Government, then, as distinct from society, is by nature proper to the superior. Does Democritus see the problem of reconciling this with the presuppositions of democracy? It is to his lasting credit that he does. The dilemma is very real: if political responsibility is to be distributed widely over society, this implies a degree of popular control over the state apparatus. Yet if office should be restricted to the superior, how can you have popular control of the superior, and how justify it? The answer given, with striking originality, anticipates the theory of government propounded by Hobbes, yet in a version subtler than Hobbes's political circumstances allowed him to envisage. Authority is a deposit which the community is capable of vesting in the holder of authority as in a trustee (item 22): that is, a virtual contract is entered into whereby we surrender the right to rule to those best able to exercise it. But when Democritus says a deposit, which the trustee is expected to return and get no thanks for it, he envisages a contract with a time-limit. He is obviously inspired here by the audit system instituted by Solon and further developed in the Cleisthenic constitution. Office-holders are elected for a term. Then they surrender their deposit and are examined on the use they have made of it. Conceivably the metaphor, borrowed from elementary commercial practice, was used in Solon's day to justify the arrangement; or perhaps Democritus invented it. At any rate, it reconciles Hobbes's perception that for effective government you have to assume the existence of some kind of contract with the requirement of an Athenian democrat that sovereignty be never absolute—a requirement which for historical reasons did not trouble Hobbes. The theory, or more correctly the analogy in which the theory is implicit, also has the effect of viewing political power (arche) as executive authority rather than as legislative sovereignty. It would have been better for Plato's political theory had he more plainly seen the distinction himself. Democritus, still keeping the audit system in view, argues that no form of political authority can ever be explained as privilege or prerogative. It comes into existence by definition only as a vehicle of good government (item 23). Plato would agree in the abstract, but Democritus applies this to the actual man who governs, not an ideal philosopher, but a fallible official subject to recall.

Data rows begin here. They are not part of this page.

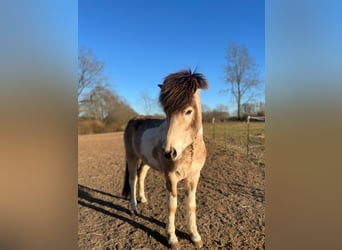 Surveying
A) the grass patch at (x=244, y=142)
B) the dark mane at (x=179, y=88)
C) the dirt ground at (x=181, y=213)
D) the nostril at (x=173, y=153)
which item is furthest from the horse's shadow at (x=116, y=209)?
the grass patch at (x=244, y=142)

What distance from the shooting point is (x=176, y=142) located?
42.9 inches

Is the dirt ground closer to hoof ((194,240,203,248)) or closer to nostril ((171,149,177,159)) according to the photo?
hoof ((194,240,203,248))

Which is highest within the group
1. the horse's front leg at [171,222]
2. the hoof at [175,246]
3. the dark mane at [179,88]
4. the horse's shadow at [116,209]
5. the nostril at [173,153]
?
the dark mane at [179,88]

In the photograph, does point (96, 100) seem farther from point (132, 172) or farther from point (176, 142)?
point (176, 142)

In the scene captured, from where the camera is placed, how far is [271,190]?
1.93 feet

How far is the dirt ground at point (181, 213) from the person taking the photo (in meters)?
1.63

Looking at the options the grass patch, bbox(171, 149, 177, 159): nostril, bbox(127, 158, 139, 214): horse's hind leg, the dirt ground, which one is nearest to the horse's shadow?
the dirt ground

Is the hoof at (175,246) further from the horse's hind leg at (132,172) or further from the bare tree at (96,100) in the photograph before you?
the bare tree at (96,100)

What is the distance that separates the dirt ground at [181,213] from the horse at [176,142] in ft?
0.55

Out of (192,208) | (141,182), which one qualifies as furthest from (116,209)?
(192,208)

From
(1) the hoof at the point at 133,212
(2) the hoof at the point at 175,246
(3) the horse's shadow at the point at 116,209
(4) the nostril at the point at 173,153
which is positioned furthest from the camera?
(1) the hoof at the point at 133,212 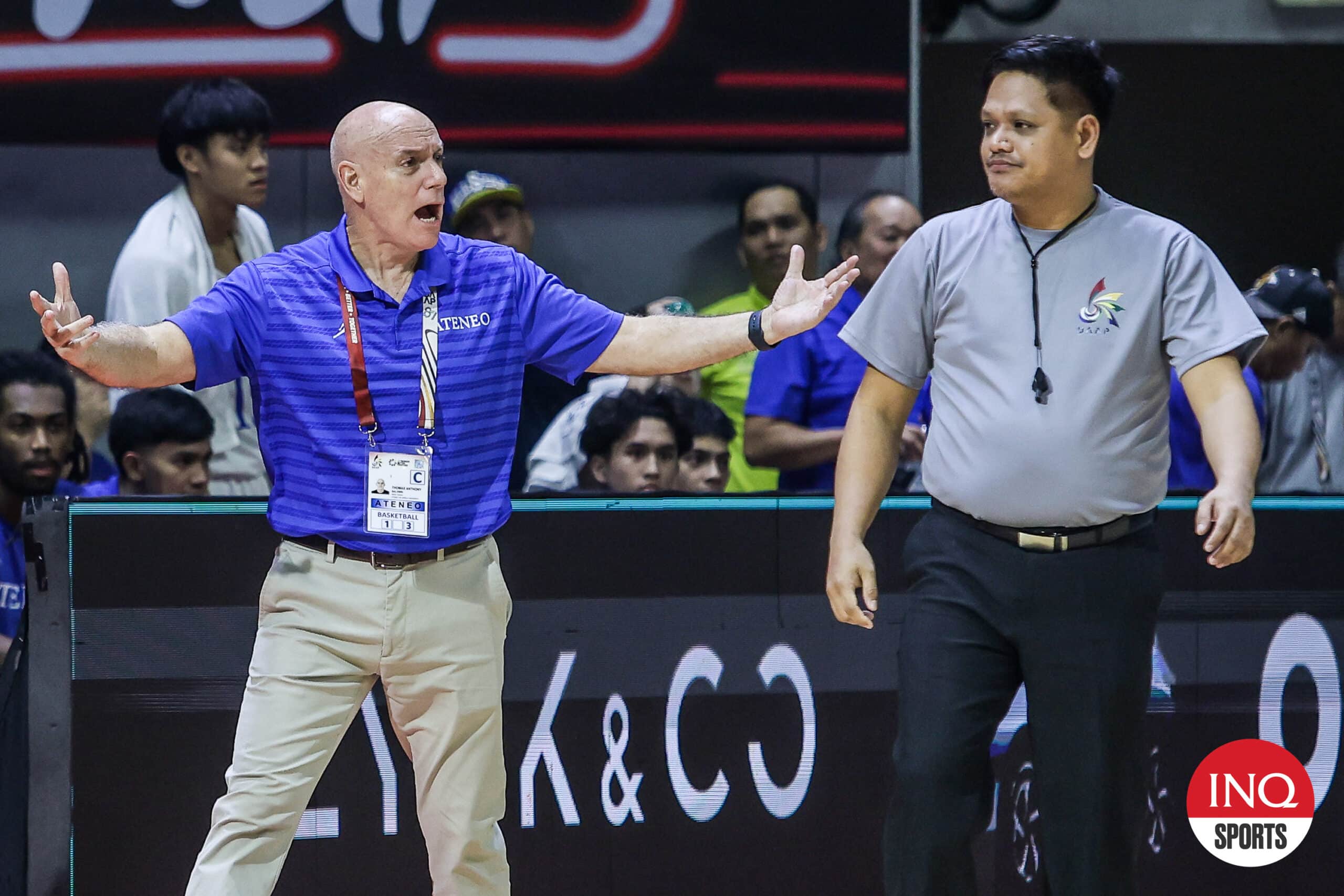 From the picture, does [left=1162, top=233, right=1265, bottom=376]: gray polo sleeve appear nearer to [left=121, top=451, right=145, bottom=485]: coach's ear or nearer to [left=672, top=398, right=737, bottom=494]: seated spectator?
[left=672, top=398, right=737, bottom=494]: seated spectator

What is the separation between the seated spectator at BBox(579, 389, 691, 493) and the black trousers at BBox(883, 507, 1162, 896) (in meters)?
1.78

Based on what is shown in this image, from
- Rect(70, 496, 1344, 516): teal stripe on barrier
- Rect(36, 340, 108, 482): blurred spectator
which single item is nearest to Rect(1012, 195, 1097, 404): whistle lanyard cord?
Rect(70, 496, 1344, 516): teal stripe on barrier

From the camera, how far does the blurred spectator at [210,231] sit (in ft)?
17.3

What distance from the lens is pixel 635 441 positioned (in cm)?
527

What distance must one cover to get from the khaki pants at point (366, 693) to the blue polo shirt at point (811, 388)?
1.75 m

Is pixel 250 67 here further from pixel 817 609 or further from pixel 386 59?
pixel 817 609

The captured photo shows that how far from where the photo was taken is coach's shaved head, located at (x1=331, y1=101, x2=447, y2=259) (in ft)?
12.1

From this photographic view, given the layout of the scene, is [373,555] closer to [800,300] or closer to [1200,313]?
[800,300]

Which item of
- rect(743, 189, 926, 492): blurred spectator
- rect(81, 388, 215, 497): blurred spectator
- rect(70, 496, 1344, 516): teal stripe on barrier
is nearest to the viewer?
rect(70, 496, 1344, 516): teal stripe on barrier

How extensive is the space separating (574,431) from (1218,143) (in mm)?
4779

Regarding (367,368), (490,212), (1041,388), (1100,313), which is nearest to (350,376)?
(367,368)

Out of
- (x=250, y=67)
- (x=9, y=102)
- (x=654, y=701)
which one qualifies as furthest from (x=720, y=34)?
(x=654, y=701)

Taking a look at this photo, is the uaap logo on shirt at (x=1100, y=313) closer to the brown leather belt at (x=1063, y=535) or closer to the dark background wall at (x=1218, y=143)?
the brown leather belt at (x=1063, y=535)

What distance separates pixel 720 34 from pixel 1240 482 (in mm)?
4021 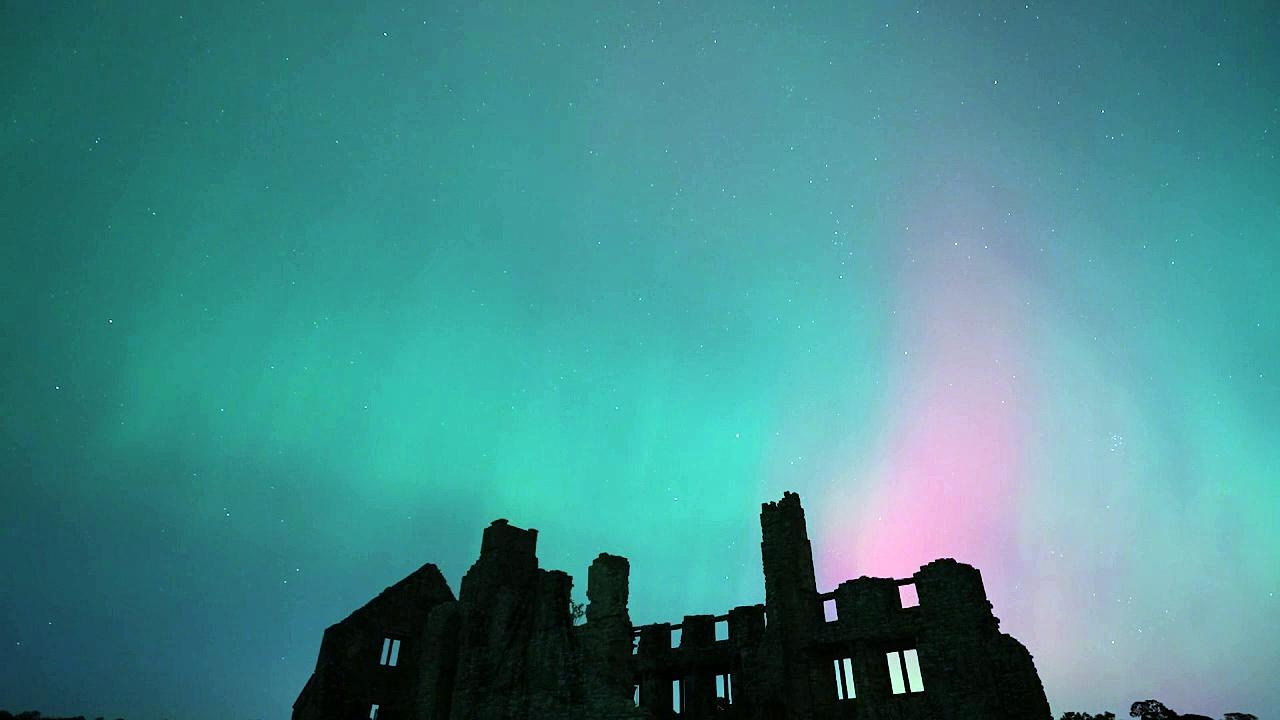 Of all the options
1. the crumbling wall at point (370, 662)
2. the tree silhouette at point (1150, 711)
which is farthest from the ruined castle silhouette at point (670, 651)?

The contract theory thus stated had in various versions a long history after Democritus' day. It may be doubted whether it was ever stated so succinctly or with such satisfaction to the competing claims of authority and liberty. Positing as it does an arrangement between citizens and their rulers, it is to be distinguished from a parallel but different concept of compact (syntheke), an agreement between the citizens themselves. This was advanced in the generation after Democritus to justify the existence of custom-law within the body politic, as against the executive authority that rules over it. In Democritus' own day, the urgent need was to devise a theory supporting the practice of annual elections which could command intellectual respect. He earned the eternal credit of supplying it.
24 [B253A]
For the effective [citizens] expediency does not lie in omitting
their own business
in order to handle affairs.
Their own business gets into a bad way.
25 [B253B]
However if there is some error or omission in public business
the cry of disapproval goes up
even though no dishonest or wrongful act is involved.
26 [B253C]
Omission and wrong-doing alike incur the peril of criticism
and indeed punishment as well.
27 [B253D]
Error is inevitable,
but for men to sympathize with it does not come easy.
28 [B266A]
The shape [of society] presently prevailing has no device
against wrong being done to men in authority
even though they be perfect …
29 [B266C]
Somehow, the [shape of] things should be so ordered
as to cover the following problem also:
if a man does no wrong himself,
no matter how thoroughly he censure wrong-doers,
he should never find himself in their power.
If his acts are right,
some defence, of ordinance or otherwise,
should be there to protect him.
For Democritus, there were some problems that remained unresolved. As his rationale of man in society nears its conclusion, he casts his eye upon a stubborn fact: a democratic society cannot yet be a just society in any Platonic sense of that word. Better the Solonian democracy than any other polity, far better. But a question remains. He is still looking at the audit of office-holders and the way it is carried out. It is an operation of the multitude, relying not on judicial precision, not even on their collective will to achieve a common good. It may be doubted whether Democritus could ever have accepted the conception of such a will had it been proposed to him. No, the audit relies on certain factors in the human ethos: here again he turns to his psychology of that motivation in men which, as we have seen, is for him so complicated:
Men have better memories for errors than for successful performance
(No. 21).
This is what creates the possibility of the audit system and makes it effective. Men can always summon zeal for it. But, equally, the audit can therefore be undiscriminating. There are forms of error which are pardonable, as distinguished from crimes which are punishable. But the human ethos, with its proclivity to remember vice and forget virtue, can alter the focus of the facts; forgetting the virtues that mitigate errors, it can convert errors into crimes. How then do you combine the audit with complete justice to the executive? He notes that in Athenian democracy at its best, the effective citizen who had his own business to manage makes sacrifices if he takes on governmental responsibility (item 24). He does not actually say he should be paid, compensated by a salary for it: yet his intent may be to justify this Periclean policy. It also follows, because of the motivations upon which the machinery of the audit relies, that in addition to the sacrifice the citizen exposes himself to a genuine risk: honest administration need not be perfect; a man can err and yet be guiltless of crime or peculation (item 25). The end result for him is, however, the same as if he had committed crimes (item 26). He
‘has wrong done to him’
(item 28).
This violates the rule of moral logic. The just should not be exposed to injustice. There should be some mechanism or device, legal or otherwise, both to prevent an irrationality and to defend the security of the just (item 28). Thus at the end Democritus returns to the problem of security against wrong with which his story of civilization had begun. But it is now viewed at an advanced level of culture in a context of great complexity.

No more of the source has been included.